The different grades of steel have nothing to do with how much the tube deflects because they have the same modulus of elasticity (E). The physical dimensions determine the stiffness of the tube and thus how much deflection there is at a given load. The material choise just determines how far the tube will bend before it yields and takes a permanent set or failure

now what about the same thickness tube, just different size?


1.75 vs 2.0????

Originally posted by Sundowner
for any tube, you can figure all this out yourself.
all you have to do is figure out the Moment of Inertia of the section.
take the outer diameter of the tube (d) raise it to the 4th power, and multiply by .049. Do the same with the inner diameter. subtract the number you got for the inner diameter from the number you got from the outer diameter and that's your Moment of Inertia. (I)

basicially: .049*OD^4 - .049*ID^4 = I

looke up the yield strength (called Fy) and the Elasticity (called E) for the steel the tube is made from.

I always multiply Fy by 0.55 as a saftey factor.

then figure out your load that you will be placing on the tube (P)
and how far out from the support you plan on putting that load (L)

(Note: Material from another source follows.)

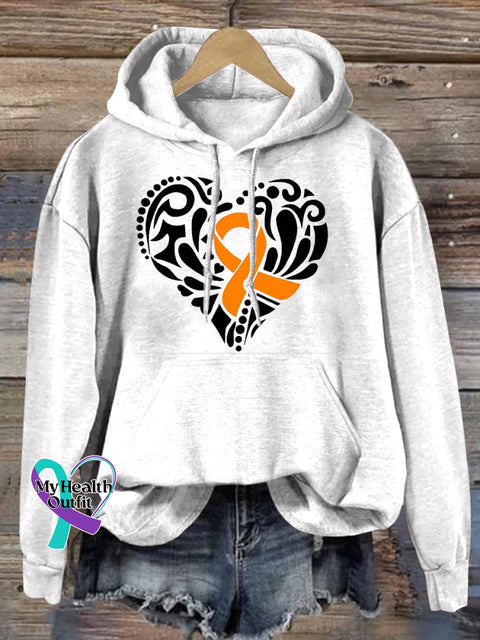 Multiple Sclerosis Printed Casual Hoodie White / S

once you figure out what your load is, multiply it by 1.33 to account for the additional force of impact.

wanna know how much weight your tume can handle?

it's just: 2*I/OD*Fy/L

wanna know how much it deflects?

it's just: P*L/(E*I)

that's pretty easy huh? :)


somebody check my numbers, it's early and I'm hung over.

ya what he said. i want that guy on my team.

Originally posted by RudeZuk
now what about the same thickness tube, just different size?


1.75 vs 2.0????

If you are comparing 2.0" x .120 wall to 1.75" x .120 wall, the 2" tubing will be 53% stronger and stiffer. Changing the diameter makes more of a difference than changing the wall thickness.